Pose estimation algorithms fall into two very broad categories: iterative methods and ab-initio algebraic methods. The former are based on relatively simple steps that take some approximation to the desired pose, and calculate another slightly different pose that hopefully yields a smaller reprojection error, and then repeat that same process until the approximation is considered good enough, or does not improve any further. The latter algorithms tend to be more complex, and typically apply linear algebra methods to directly calculate pose candidates in a single step.
In general, iterative methods can be fast and highly accurate, but they require an initial (guessed) pose that is already close to the ideal pose, or they might take very long to find a good solution, or don’t find one at all. Ab-initio methods, on the other hand, tend to be slower and less accurate, but they can find a good pose estimate without requiring an initial guess (and it’s so embarrassing when the guess turns out wrong and tracking comes to a grinding halt).

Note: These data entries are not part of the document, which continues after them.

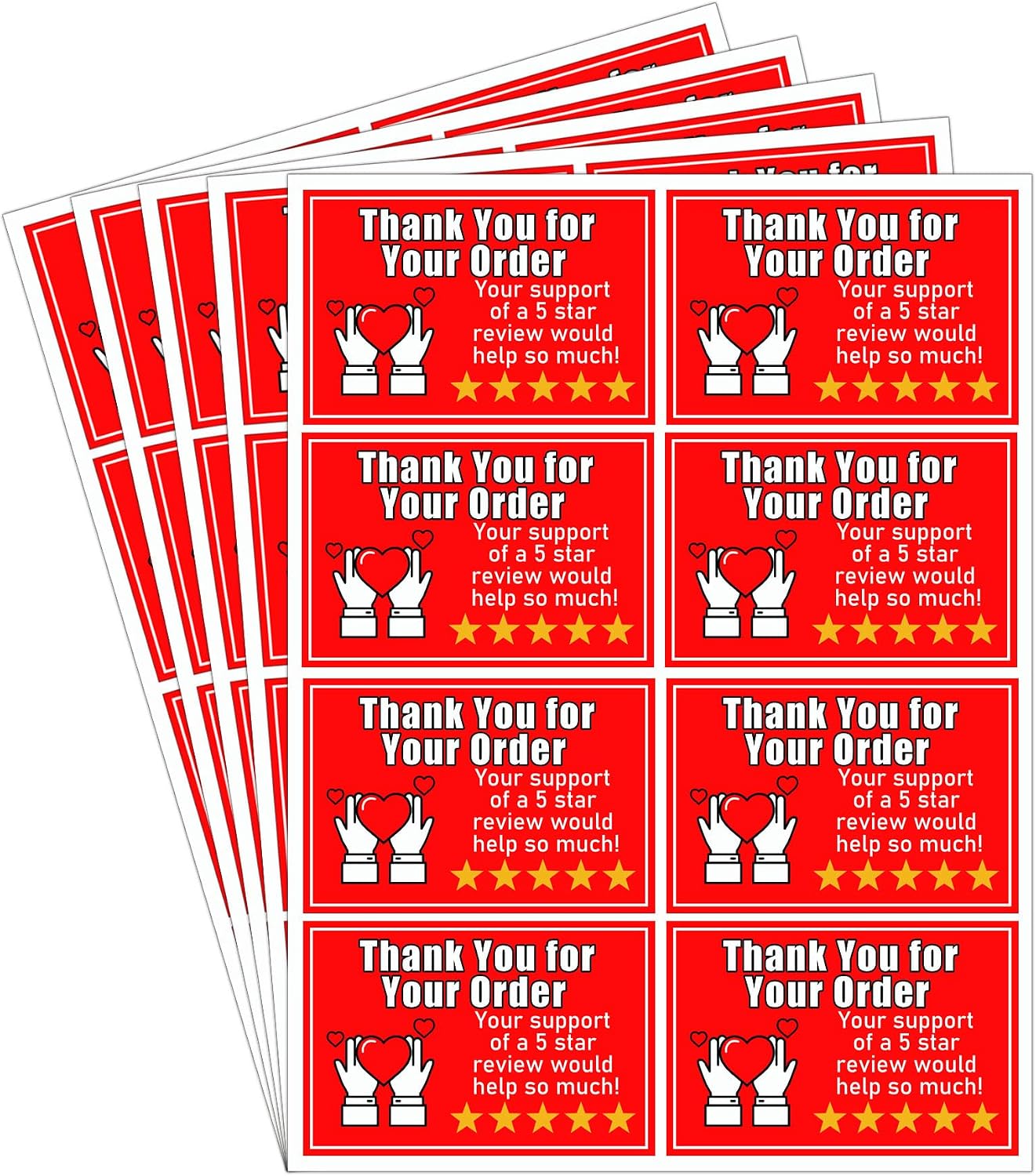 5 Star Review Delivery Drivers Stickers 3 x 2 Inch Waterproof Thank You for Your Order Labels 200 Pcs Freshness Tamper Evident Food Packaging Stickers for Small Business Takeout Driver (Blue)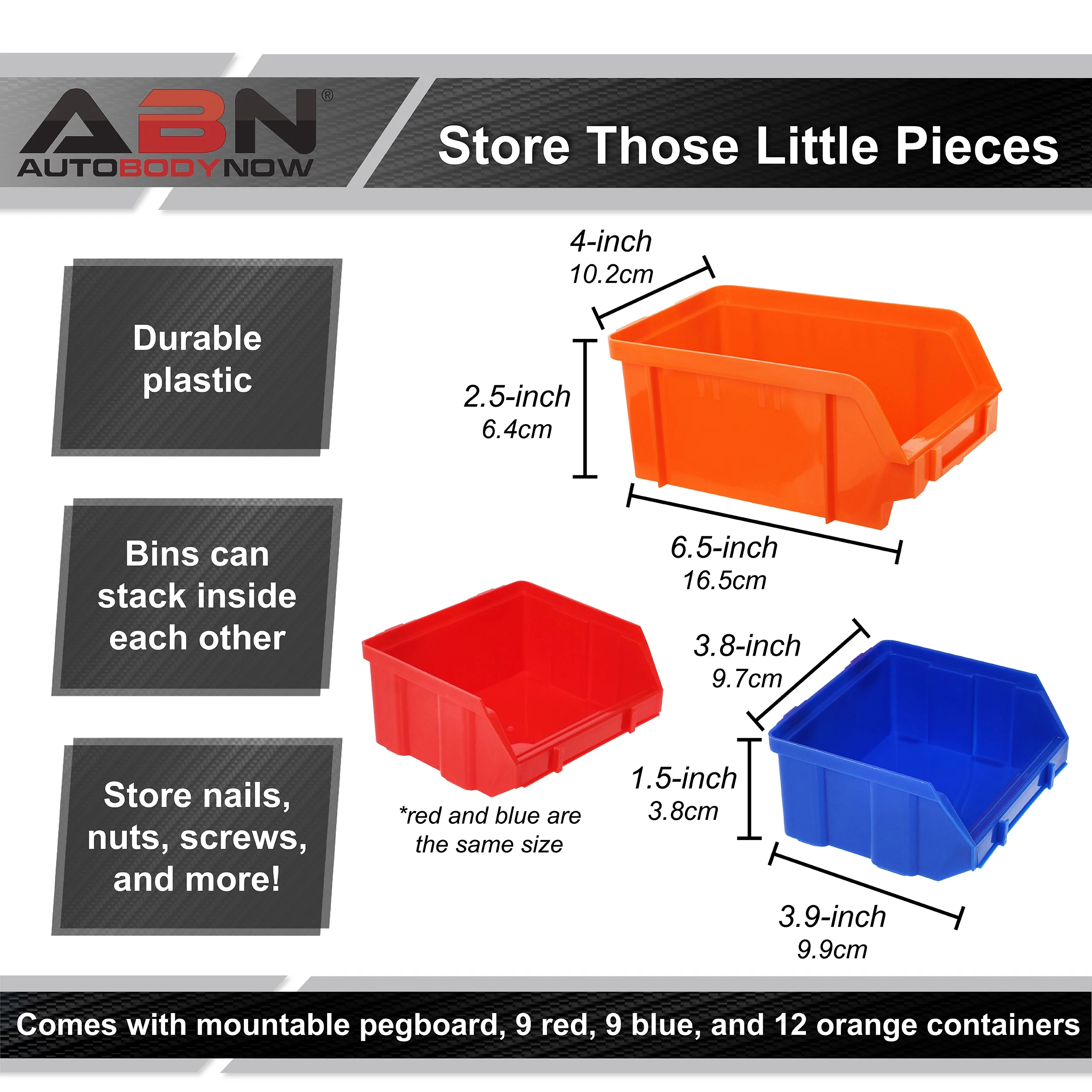 ABN Screw Organizer Wall Mounted Storage Bins - 30pc Small Parts Organizer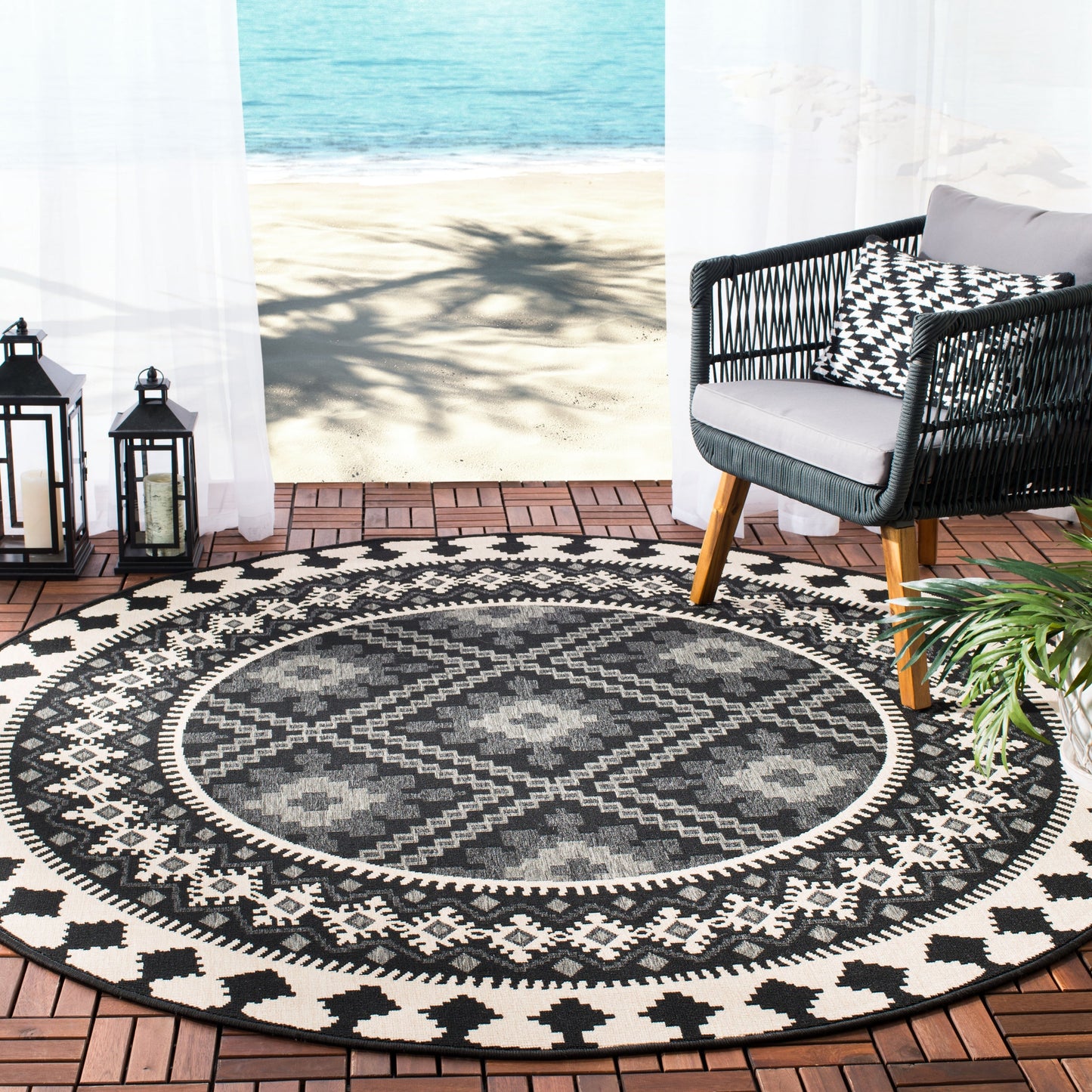 Tapis de jardin imperméable pour intérieur/extérieur SAFAVIEH Veranda Rita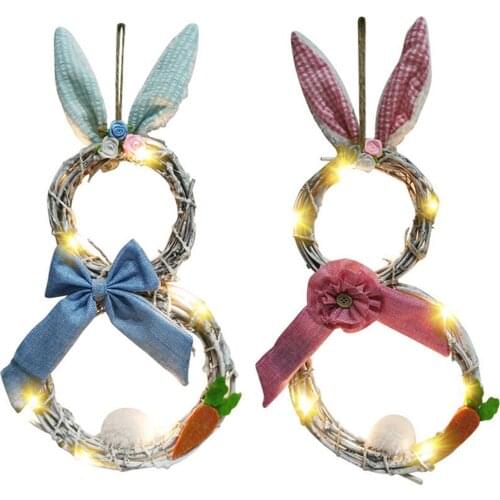 Behogar Easter Bunny Rabbit Front Door Wreath Hanging Ornament Decoration with LED Lights for Easter Party Decor Supplies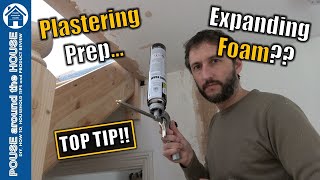 Prepping a wall for plaster expanding foam trick How to prep a wall for plaster foam hack top tip [upl. by Jezabel]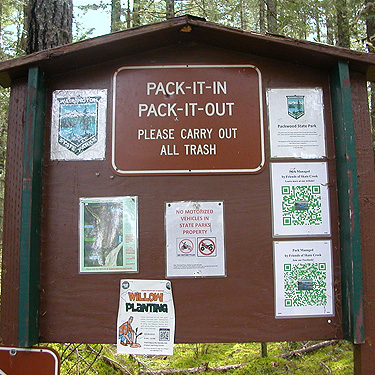 Deceptive sign welcoming visitors to Skate Creek Park, not a state park!
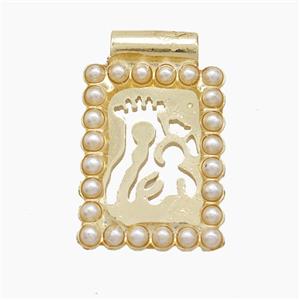 Copper Pendant Pave Resin Hollow Rectangle Gold Plated, approx 14.5-22mm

For my experiments, I chose a combination of an ab-initio method and an iterative method. The ab-initio method is the one described in a 2008 paper by Lepetit, Moreno-Noguer, and Fua. The authors claim it is faster and more accurate than other ab-initio methods, and I took their word for it (an added benefit is that it is relatively easy to implement). As it turns out, Lepetit et al.’s method is fairly robust, but its accuracy could be better. I decided to improve it by adding a few (50) steps of an iterative pose estimation method, using the final result of Lepetit et al.’s algorithm as input for the iterative algorithm. Additionally, when there is already a good pose estimate (judged via its reprojection error) from the previous frame, I skip the ab-initio stage altogether and go right into iterative optimization.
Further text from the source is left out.